Cool Card Design of the Day
Surveil is clearly a good mechanic because scry is a good mechanic and this also sets up your graveyard for interaction, which Dimir, Golgari, and Izzet all benefit from. Even so, my initial reaction was disappointment because it's the most familiar and least innovative of the Return to Return to Ravnica guild mechanics (after convoke, obv). It's wise to include familiar mechanics in a set with five keywords and it's also great to create synergy with the adjacent guild mechanics, so I wouldn't undo the choice to use surveil as the Dimir mechanic. That doesn't mean I could stop myself from considering alternatives…

The most obvious mechanic is damage-also-mills, because that supports existing Dimir mill strategies and fits well thematically. I tweaked it into a triggered mechanic that lets you choose who to mill so it's relevant both in mill-attack decks as fill-your-own-graveyard decks.

The first criticism of infiltrate is that you'll never mill an opponent out before you kill the damage, but that assumes infiltrate is your only vector of milling and that decking the opponent is the only purpose of milling them; the set would include direct mill cards to help you finish decking your opponent (including probably a 'bad' common that gives them life in order to mill more cards) and a bunch of uncommons and rares that steal cards from their graveyard.

Infiltrate would work in place of surveil because it still fills your graveyard, but it also asks the Dimir player to be attacking either aggressively or evasively, which is a role the set doesn't need more of.
Speaking of using cards from your opponent's graveyard, blackmail does that very literally. This keyword would absolutely also be paired with mill effects, but also gets turned on just by killing their creatures or tempting them to cast spells.

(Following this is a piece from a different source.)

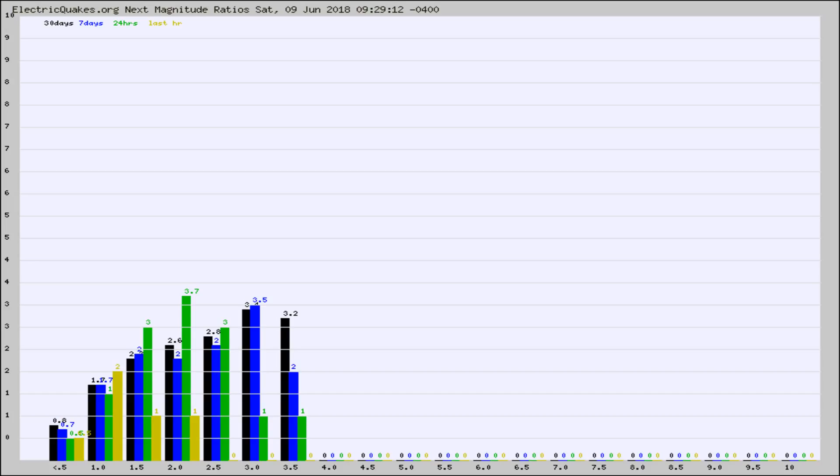Again, the black column is 30 days, blue is 7, green is 24 hours, and gold is in the last hour.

Blackmail could not replace surveil in Guilds of Ravnica because it doesn't support the adjacent mechanics and it does cannibalize the aggressive attack space (which isn't really what Dimir wants to be anyhow).
Playing in that space that infiltrate hinted at, we get forge. A keyword you could print on, like, a vertical cycle of cards at most. I like the flavor that you're forging documents, but that's all I can say in favor of this.
Crack is a lot like infiltrate, but it's easier to make happen (since they can't prevent it by blocking) and the effect can be disproportionate to the creature's power, making attacking-to-mill viable. Here, you'll see I'm pairing the mill with a trigger that hopes you'll hit a specific card type, giving you incentive to send in a team and increase the chance of cracking your opponent's safe. I worded Recruiter so that just killing their creatures would also work, because more vectors of interaction are usually welcome. That said, it may be inappropriate here; I'd want to playtest. This particular card makes a token because that fit the art I found. Most would do other things (or nothing beyond the mill.)

Crack doesn't fill your graveyard, so it's not as strong a replacement for surveil in GoR as infiltrate.
I happened upon this art and imagined a Dimir agent sneaking into a ball to gain sensitive information, so I mocked up fit in. Black-blue doesn't really need another evasion mechanic, and mechanics that depend on what your opponent is doing to work are on the out, so I'm not loving this one, but I thought it was cute enough to share.

I shared my ideas in chronological order, to show my thought progression. Ultimately, I think crack has the most potential in general and that infiltrate is the only one that comes close to being an alternative to surveil, but that the set is better served by surveil. What do you think of these keywords? Do you have another surveil alternative to discuss?


  1. It's interesting that so many of these ideas ended up being creature-based. I certainly do think the infiltrator trope fits Dimir's themes and gameplay well, but honestly it feels odd to have a named Dimir mechanic be relegated only to creatures.

    I don't think Infiltrate is robust enough to deserve a full mechanic in a set like Ravnica. It feels very A+B since it does nothing on its own, and I really don't think it's very flavorful compared to most of the Ravnica mechanics we've gotten. Also, it reminds me of Ingest and that's never a good thing.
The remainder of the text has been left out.